Required action:
Extract the run of lines that starts at the top of the records below and ends at the line with "YES4HOMES 25 cm", keeping both ends and excluding pictures.

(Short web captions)
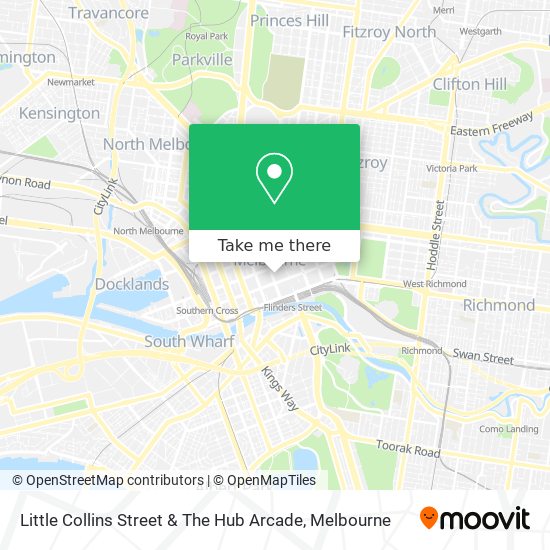 Mapa Little Collins Street & The Hub Arcade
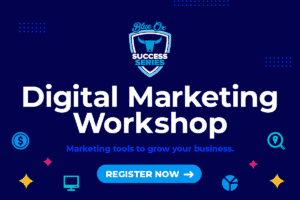 Dark blue graphic background with birght colored marketing icons near the bottom and little star shapes with large white heading "Digital Marketing Workshop"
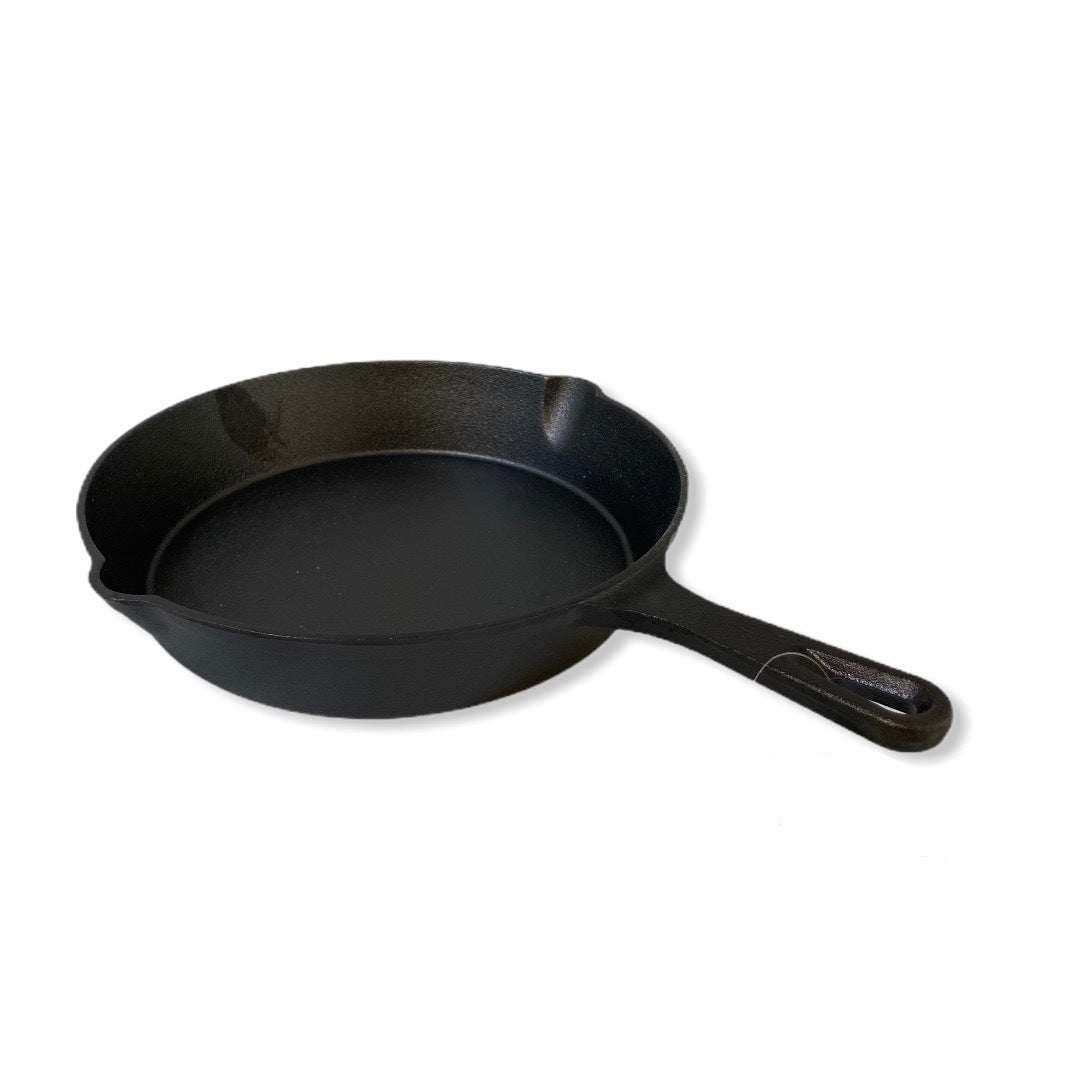 YES4HOMES 25 cm Cast Iron Skillet Barbecue Fry Pan Pre-Seasoned - V278-UI3066
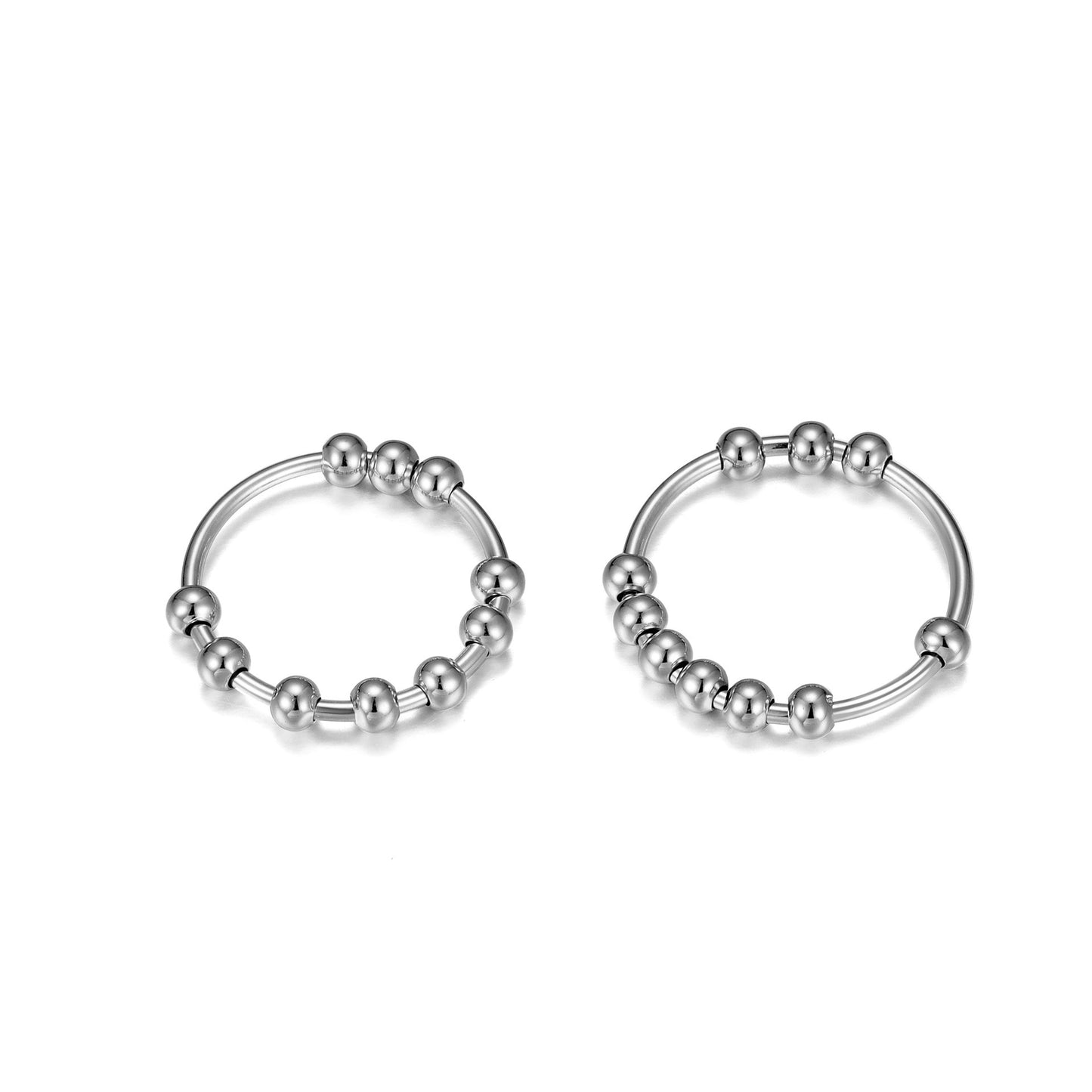 Bague porte-bonheur en argent sterling S925 avec dix perles pour soulager l'anxiété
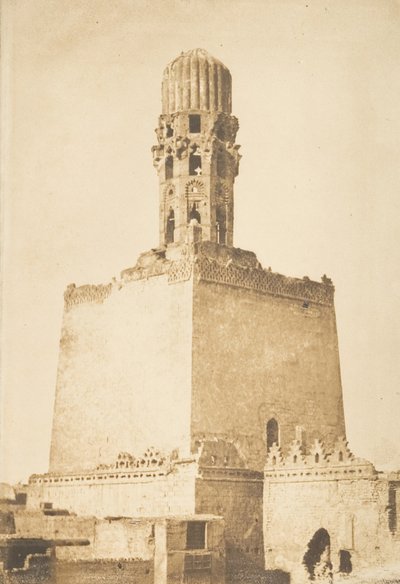 Západní minaret mešity chalífy Hakema, Káhira, 9. ledna 1850. od Maxime Du Camp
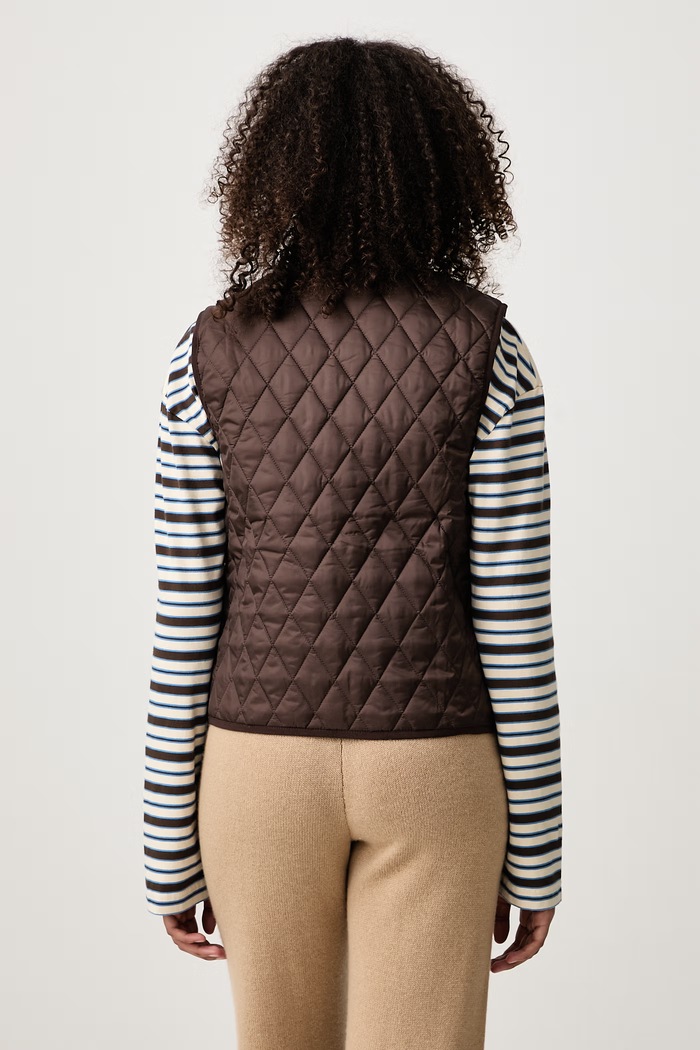 Clothing Sporty & Rich Vendome Quilted Riding sleeveless jacket Women's JA00883205BR38 brown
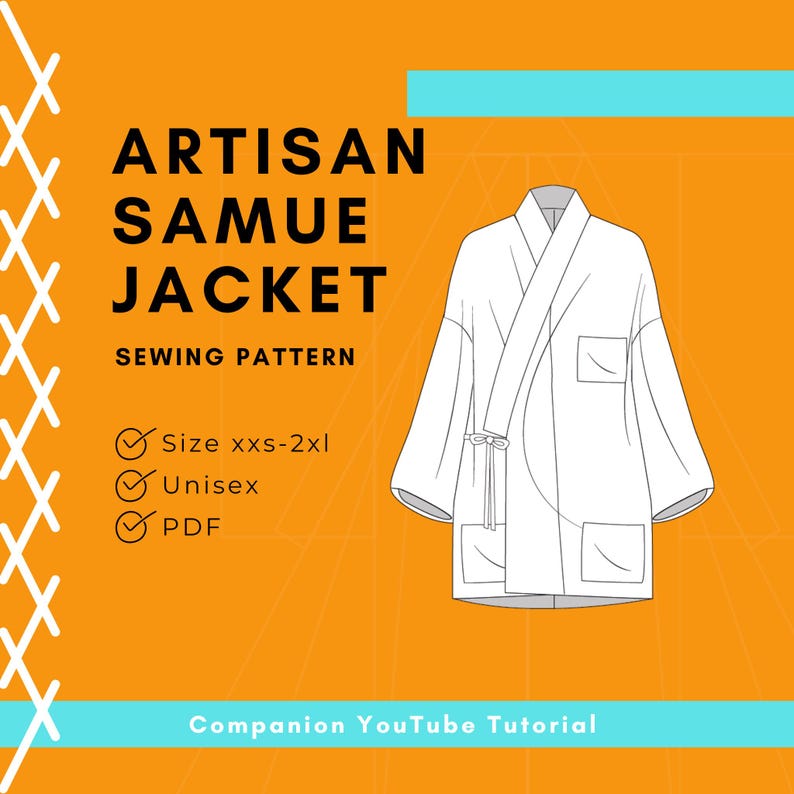 Samue Jacket Sewing Pattern: Unisex Japanese Chore Coat (PDF Pattern) image 1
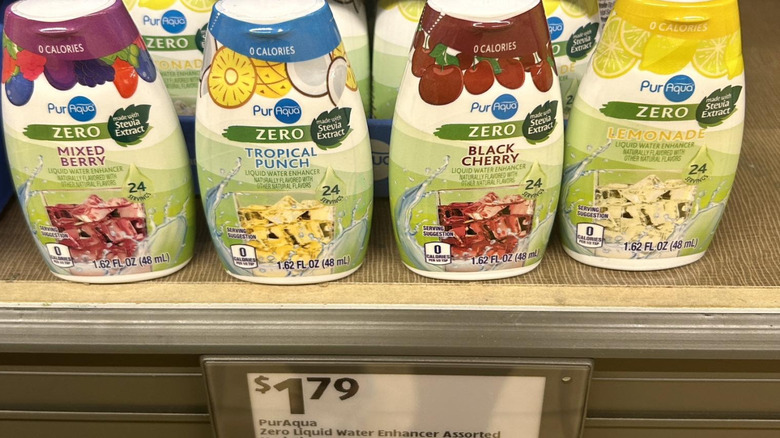PurAqua Liquid Water Enhancers sit on a shelf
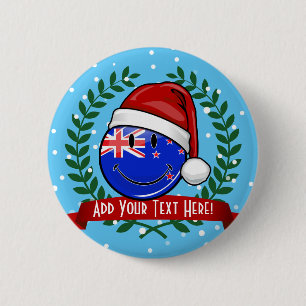 Weihnachtsneuseeland-Art-lächelnde Flagge Button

Task output:
 Mapa Little Collins Street & The Hub Arcade
 Dark blue graphic background with birght colored marketing icons near the bottom and little star shapes with large white heading "Digital Marketing Workshop"
 YES4HOMES 25 cm Cast Iron Skillet Barbecue Fry Pan Pre-Seasoned - V278-UI3066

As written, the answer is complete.